— Ты когда-нибудь видела свои глаза?
— Нет, не видела.
— Я подарю тебе зеркало.
Она промолчала.
— А когда ты кончаешь работать?
— Никогда, — ответила она и поднялась на крыльцо, обойдя стороной Шегена.
Он сдвинул пилотку и присел на ступеньку.
Лейтенант по-прежнему стоял, облокотившись на потемневшую деревянную перегородку.

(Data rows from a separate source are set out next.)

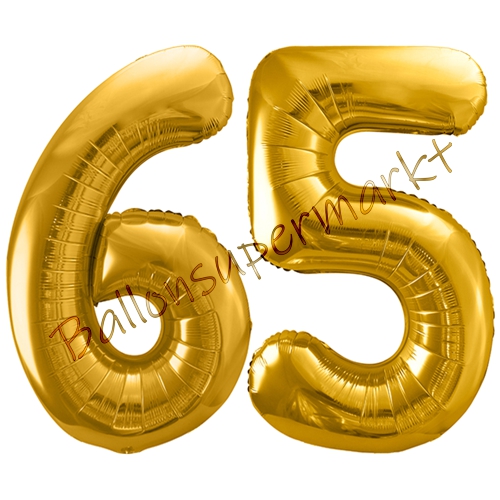 Folienballons-86cm-Zahlen-65-Gold-Luftballon-Geschenk-Geburtstag-Jubilaeum-Firmenveranstaltung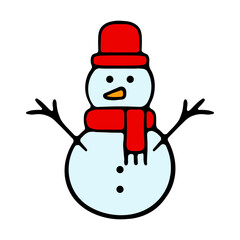 Snowman in red hat, scarf, carrot nose, branches instead of hands. Decoration, decorate, christmas, new year, eve, december 25, winter, holiday atmosphere family celebration, traditions. Colorful icon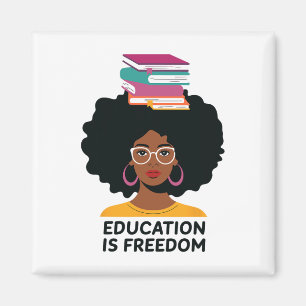 Bildung ist Freiheit Schwarzer Lehrer Bücher Schwa Magnet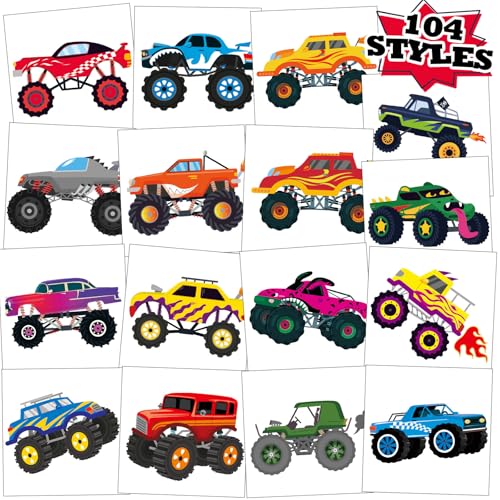 Monster Truck Temporary Tattoos for Kids Party Favors 104 Pcs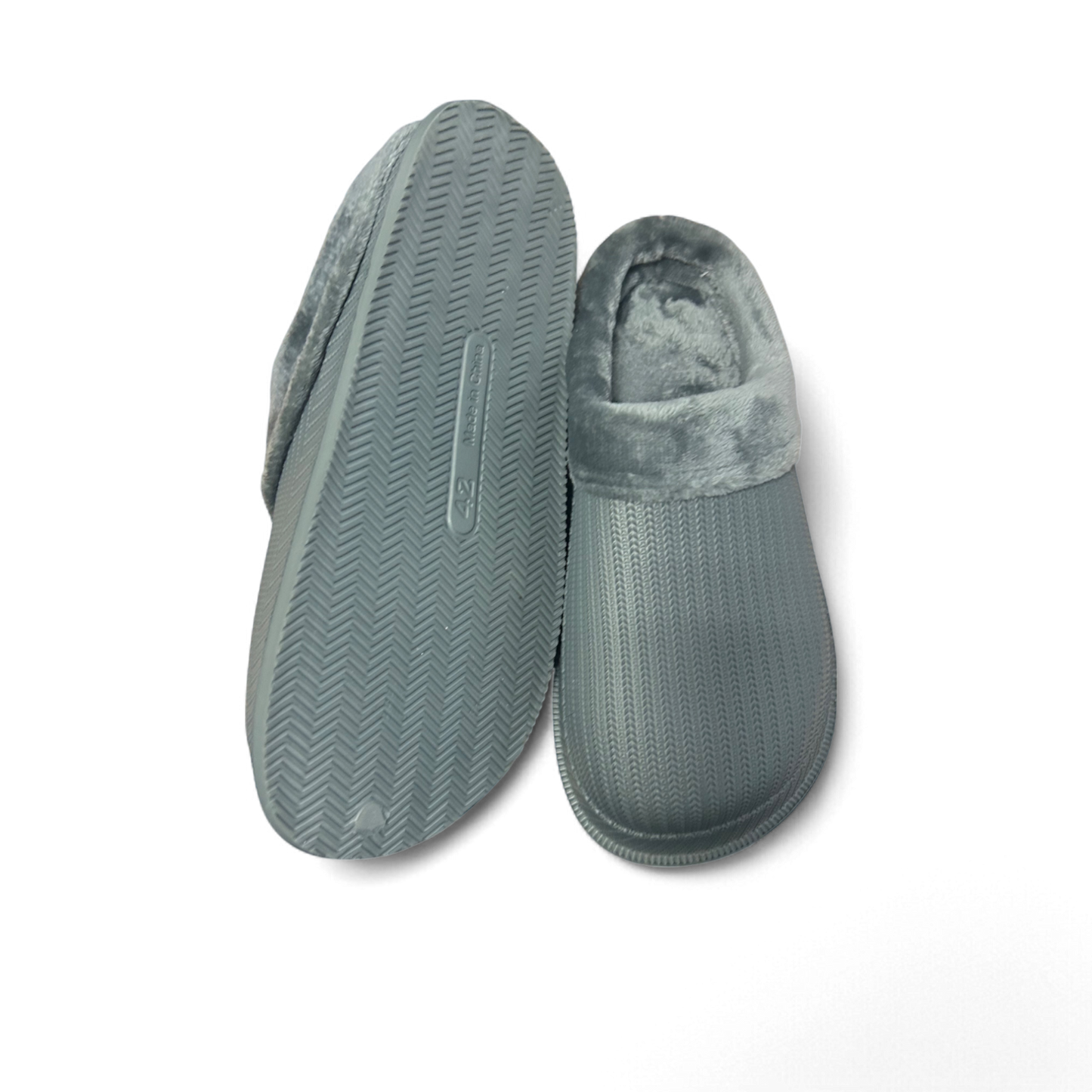 Hausschuhe Herren Gr 42 Grau Warm Gefüttert Rutschfest Winter Pantoffeln Neu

— Вот я и попала в Еке-Утун, — рассказывала женщина. — И я, так же, как и вы, шлю запросы во все концы. Наш эшелон разбомбили под Тихорецкой, меня оглушило взрывной волной. Очнулась в госпитале. А куда девалась моя Шура, дочь… Не знаю! Где, что… Только вспоминаю, как кричала она…
Акбота, проходя через комнату к себе на пульт, услышала конец ее рассказа и остановилась:
— Галия-апа, зачем опять? Не надо…
— Ну, не буду… Но хоть ждать письма я имею право? Меня зовут Галина Петровна, а здесь я стала Галия, — обратилась она к Воронову.
— Галина Петровна, я надеюсь, и вы надейтесь, сказал он.
— Да, да… А что нам еще остается?
Дом, обнесенный густой изгородью, стоял на отшибе, довольно далеко от поселка. Двор кончался крытым загоном.
Николай Кареев — русский боец из группы Воронова — сидел у стены, в тени. Тут же и сержант томился от вынужденного безделья, и Танкабай.
Из дома вышла пожилая казашка в потертом бархатном камзоле. Пустой солдатский котелок она поставила на деревянную крышку казана, вмазанного в печурку.
— Прошло то время, — вздохнула она, — когда жив был муж и мы могли накормить у себя хоть сто гостей, а бывало у нас и больше, когда мы сына женили…
— Женеше[14], — возразил Танкабай, — а вы хотите, чтобы в такое время, в такое трудное время шестеро здоровых мужчин кормились у одинокой вдовы?
Она опять вздохнула и ушла в дом, захватив таз и кувшин.